Understanding what tenants experience as the real value of wellbeing projects to their lives is the goal of a new reporting methodology implemented by Foundation Housing.  The Tenant Wellbeing Team is using a methodology called Most Significant Change (MSC) which sees a team of tenants trained to interview other tenants after a project has been completed and ask four important questions; What was it like before the project? What changed?  What is life like now? Why is this significant to you?

Foundation Housing’s Impact and Innovation specialist, Tom Tolchard, says that the MSC methodology enables the organisation to tell a story that’s currently missed. “Organisational KPIs are important, wellbeing KPIs are important, but Most Significant Change is often where the ‘magic happens’ and it’s stuff we weren’t recording.  It’s about understanding the significance of changes for tenants, ” Tom said.

Training tenants rather than staff to interview people using the MSC framework ensures that the responses are more likely to be authentic and honest.

“We are not in the business of harvesting good news stories,” says Tom,  “If there’s something that we’ve tried and it didn’t work, or there was a terrible thing that happened on the back of it that was unintended – that’s great knowledge.”

Foundation Housing are among a small number of organisations adopting the additional reporting method.

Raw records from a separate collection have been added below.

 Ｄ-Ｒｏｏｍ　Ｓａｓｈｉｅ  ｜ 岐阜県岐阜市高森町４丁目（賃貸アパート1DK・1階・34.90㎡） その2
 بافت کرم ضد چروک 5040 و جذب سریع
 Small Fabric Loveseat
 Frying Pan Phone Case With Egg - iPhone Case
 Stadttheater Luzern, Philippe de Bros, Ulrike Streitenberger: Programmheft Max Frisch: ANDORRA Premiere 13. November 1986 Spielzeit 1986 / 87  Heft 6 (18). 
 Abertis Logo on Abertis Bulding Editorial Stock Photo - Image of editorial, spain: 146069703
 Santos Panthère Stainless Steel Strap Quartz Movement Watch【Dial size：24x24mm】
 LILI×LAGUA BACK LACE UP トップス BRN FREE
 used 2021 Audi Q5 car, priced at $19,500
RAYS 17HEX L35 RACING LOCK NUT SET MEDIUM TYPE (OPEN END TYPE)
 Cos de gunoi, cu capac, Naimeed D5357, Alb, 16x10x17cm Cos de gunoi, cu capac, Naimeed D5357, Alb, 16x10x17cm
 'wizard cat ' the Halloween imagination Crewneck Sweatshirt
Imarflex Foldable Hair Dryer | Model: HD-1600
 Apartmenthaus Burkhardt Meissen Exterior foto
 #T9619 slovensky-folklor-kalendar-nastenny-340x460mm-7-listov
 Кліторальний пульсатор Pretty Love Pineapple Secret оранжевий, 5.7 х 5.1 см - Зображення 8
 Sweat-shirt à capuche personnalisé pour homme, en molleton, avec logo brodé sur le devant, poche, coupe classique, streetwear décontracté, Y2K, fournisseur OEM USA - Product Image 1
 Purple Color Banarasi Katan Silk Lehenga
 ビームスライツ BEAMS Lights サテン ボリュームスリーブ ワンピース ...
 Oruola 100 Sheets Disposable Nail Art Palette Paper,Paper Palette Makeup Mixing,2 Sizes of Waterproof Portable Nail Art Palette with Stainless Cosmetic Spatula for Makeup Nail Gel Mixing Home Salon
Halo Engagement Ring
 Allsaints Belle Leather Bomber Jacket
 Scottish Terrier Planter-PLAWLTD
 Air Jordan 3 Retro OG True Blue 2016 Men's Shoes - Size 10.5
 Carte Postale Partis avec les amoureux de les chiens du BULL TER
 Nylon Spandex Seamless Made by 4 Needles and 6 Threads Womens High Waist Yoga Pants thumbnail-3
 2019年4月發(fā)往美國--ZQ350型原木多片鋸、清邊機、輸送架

Lotterywest have implemented Most Significant Change reporting to assess the social value of their grants and prove their worth to the recipient communities.

Foundation Housing tenant Peter was one of the participants in the training workshop for the Social Impact Team.  Peter lives at a complex in Victoria Park where a place making project has seen a number of small but important changes made.  These changes have included an improved patio area and building custom made wooden structures for each that tenant  that serve as a storage box, outdoor seat and planter box. Tenants participated in making each improvement.  Tenants also identified changes they would like to see made to improve the safety and security of their complex, which Foundation Housing then implemented.  Peter interviewed some of his fellow tenants and found that the greatest change was the pleasure tenants gained from the extra external space and privacy to each unit’s entrance the ‘boxes’ provided.    Other changes at the place making site captured through the MSC process included that some tenants were connecting with community initiatives like Community Watch and some were also inviting family members to visit for the first time in many years because they had greater pride in their homes.

Some negative feedback has been that the outdoor patio area, while a good idea, lacks enough shade to make it useable.

Tom says there are plans to do more MSC training for tenants and staff and for it to be embedded along with other standard wellbeing measures such as those outlined by the Deakin Centre for Wellbeing, in all Foundation Housing tenant wellbeing projects. “It captures the significance of the change, it’s not limited to the economic impact of that change.”